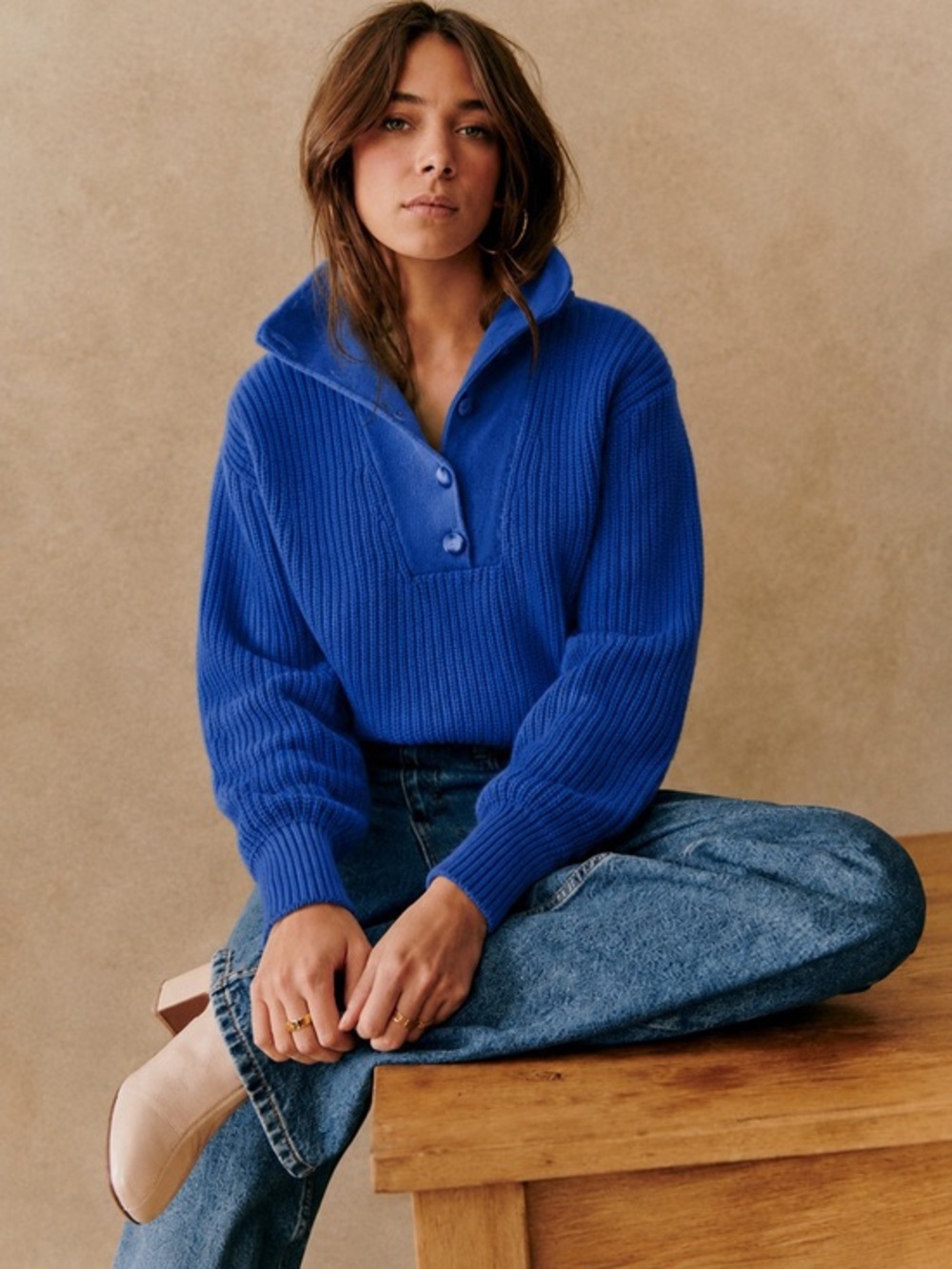 Sezane Kyam Jumper Sweater Cobalt Blue Size Small Wool Pullover Bright Blue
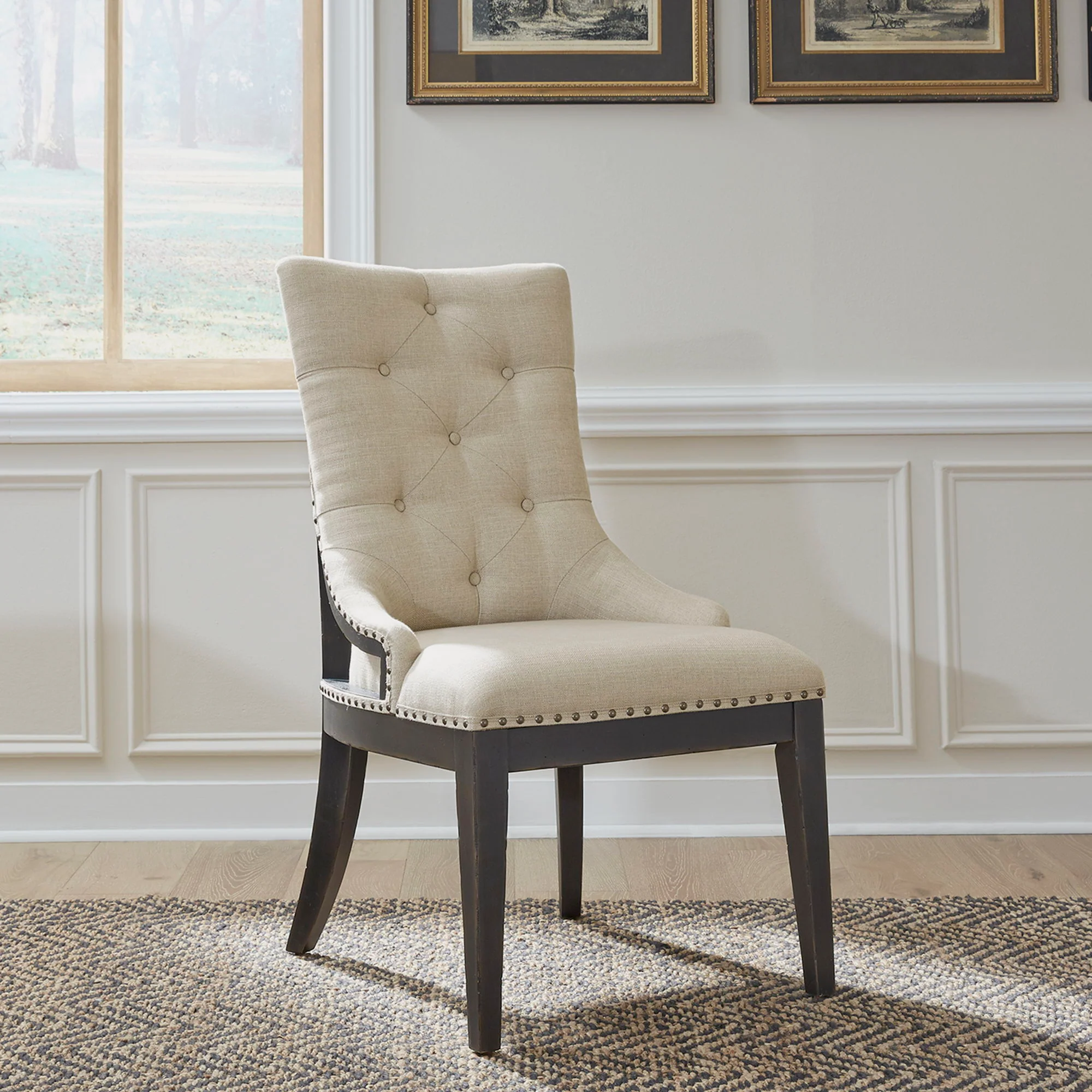 Americana Farmhouse - Upholstered Shelter Side Chair - Image 2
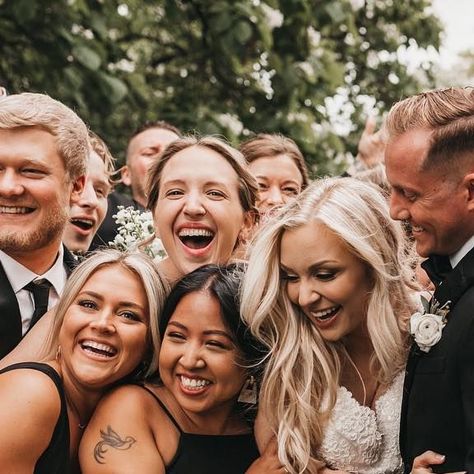 Hayley Huotari / Wedding Photographer on Instagram: "For all the photographers out there, save this for later! This is one of my favorite bridal party prompts — Wherever you are, freeze. I’m going to countdown from 3 and on 1 everybody run and give the bride and groom a group hug! 3-2-1! • • • • • #collectivelycreate #portraitcollective #exploretocreate #agameoftones #filmpalette #loveauthentic #lookslikefilmweddings #adventureinstead #weddingphotoinspiration #wellwedmagazine #wanderingweddings #wdofficial" Party Prompts, Group Hug, Wedding Photo Inspiration, A Group, Bride And Groom, Bridal Party, The Bride, Wedding Photographer, Wedding Photos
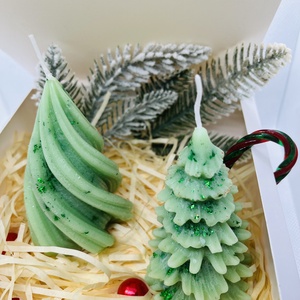 Zöld Fenyő Gyertyaszett  - karácsony - karácsonyi lakásdekoráció - karácsonyi illatgyertya, mécses - Meska.hu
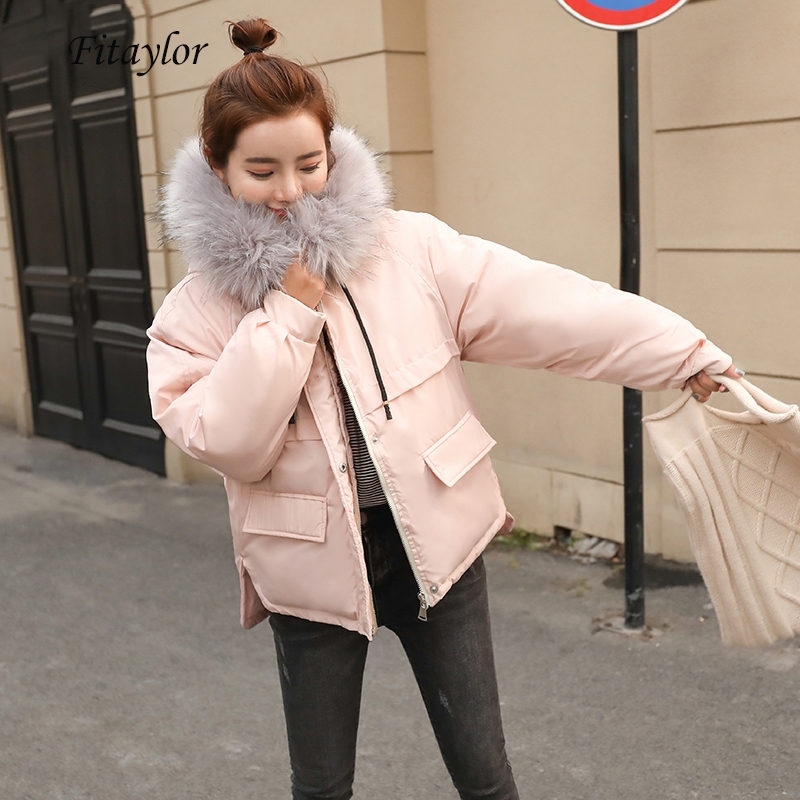Fitaylor Faux Fur Collar Short Parkas Loose Down Cotton Coats Winter Women Hooded Jackets Pink Black Burgundy Snow Outwear 201019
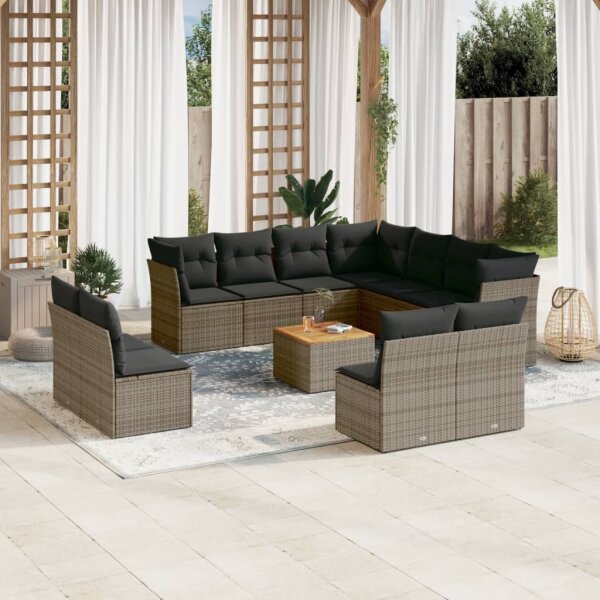 vidaXL 12-tlg. Garten-Sofagarnitur mit Kissen Grau Poly Rattan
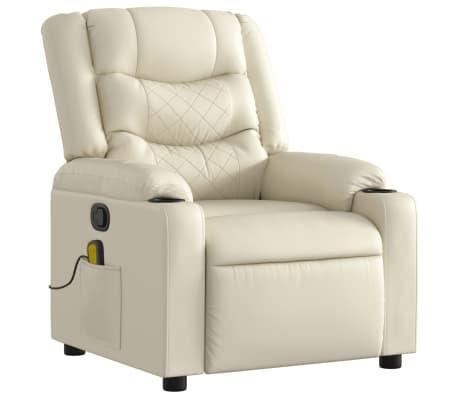Relaxstoel met Massage | OP = OP - Creme Kleur - 47% korting, Huis en Inrichting, Stoelen, Overige kleuren, Nieuw, Ophalen of Verzenden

━━━━━━━━━━━━━━━━━━━━━━━━━━━━━━

● **EXERCISE DIRECTIONS**:
Without the pictures, retype the whole of the material above exactly.

● **ANSWER BOX**:
 Sezane Kyam Jumper Sweater Cobalt Blue Size Small Wool Pullover Bright Blue
 Americana Farmhouse - Upholstered Shelter Side Chair - Image 2
 Hayley Huotari / Wedding Photographer on Instagram: "For all the photographers out there, save this for later! This is one of my favorite bridal party prompts — Wherever you are, freeze. I’m going to countdown from 3 and on 1 everybody run and give the bride and groom a group hug! 3-2-1! • • • • • #collectivelycreate #portraitcollective #exploretocreate #agameoftones #filmpalette #loveauthentic #lookslikefilmweddings #adventureinstead #weddingphotoinspiration #wellwedmagazine #wanderingweddings #wdofficial" Party Prompts, Group Hug, Wedding Photo Inspiration, A Group, Bride And Groom, Bridal Party, The Bride, Wedding Photographer, Wedding Photos
 Zöld Fenyő Gyertyaszett  - karácsony - karácsonyi lakásdekoráció - karácsonyi illatgyertya, mécses - Meska.hu
Fitaylor Faux Fur Collar Short Parkas Loose Down Cotton Coats Winter Women Hooded Jackets Pink Black Burgundy Snow Outwear 201019
 vidaXL 12-tlg. Garten-Sofagarnitur mit Kissen Grau Poly Rattan
Relaxstoel met Massage | OP = OP - Creme Kleur - 47% korting, Huis en Inrichting, Stoelen, Overige kleuren, Nieuw, Ophalen of Verzenden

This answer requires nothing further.